Man it would be great to see Hill back to 100%. He'd be good for at least 15-5-5 even if he was still a bit crippled, so you have to believe he'll be good for 20-6-5 or better if he really is 100%. Of course, there's always the question of rustiness after taking an entire season off, timidness after being injured for so long, and his defense (lateral mobility and quickness might be gone). 

Let's hope for the best.


----------



## RP McMurphy (Jul 17, 2003)

I'm excited about Grant Hill too, but not for anything he'll do on the basketball court. Anyone who expects him to come back and be a factor this season needs to get in touch with reality.

The Magic don't even want Hill to come back, they want to sit him out until November or December, and then they want an NBA-appointed doctor to declare him medically unfit to play (which the doctor will probably do). At that point, he instantly comes off the payroll, so he becomes a way for a team trying to get under the luxury tax to dump 15 million dollars in payroll.

Grant Hill will be a great trade asset this year, just like Terrell Brandon was last summer.


----------



## Captain Obvious (Jun 15, 2003)

> Originally posted by <b>RP McMurphy</b>!
> I'm excited about Grant Hill too, but not for anything he'll do on the basketball court. Anyone who expects him to come back and be a factor this season needs to get in touch with reality.
> 
> The Magic don't even want Hill to come back, they want to sit him out until November or December, and then they want an NBA-appointed doctor to declare him medically unfit to play (which the doctor will probably do). At that point, he instantly comes off the payroll, so he becomes a way for a team trying to get under the luxury tax to dump 15 million dollars in payroll.
> ...


You're way off base here. Hill has full clearance from the doctors to do whatever he wants. Weisbrod has already said that after full-out workouts he hasn't had any pain and he hasn't even iced his ankle. The doctors didn't declare him unfit to play last year (even though he didn't), so how the heck is it going to happen this year?


----------



## Cap (Nov 5, 2003)

RP, I'd agree with you if the signs were pointing to Hill not returning to health. But right now, reports are more positive than they ever have been for Hill. 

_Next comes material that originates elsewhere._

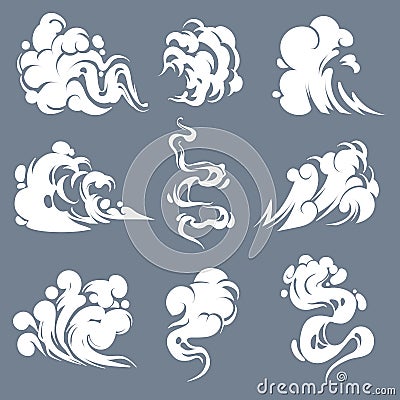 Cartoon smoke. Smoking steam clouds smells bad expired fire gas flash vapour aroma puff mist fog effects game shot Vector Illustration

Now it's all on the Magic's judgement, since they'd know better after having seen Hill play pain-free this summer. 

And I'd still pay $15M per for 20-5-5 or slightly better. Hill's 32, 33 next year. He'd still be capable of those stats if everything fell into place this season, including his lateral mobility.


----------



## JNice (Jul 13, 2002)

> Originally posted by <b>RP McMurphy</b>!
> I'm excited about Grant Hill too, but not for anything he'll do on the basketball court. Anyone who expects him to come back and be a factor this season needs to get in touch with reality.
> 
> The Magic don't even want Hill to come back, they want to sit him out until November or December, and then they want an NBA-appointed doctor to declare him medically unfit to play (which the doctor will probably do). At that point, he instantly comes off the payroll, so he becomes a way for a team trying to get under the luxury tax to dump 15 million dollars in payroll.
> ...


I'll agree with Captain Obvious and EHL here, I think you are off base. I don't think Orlando is hoping any longer that Hill just stays injured and they get capspace from him. With the better overall team Orlando has now, if Hill can return 100% and put up numbers like EHL suggests, something like 15-5-5, Orlando could be a real competitor in the East right now. What Hill brings to the court is nearly invaluable. 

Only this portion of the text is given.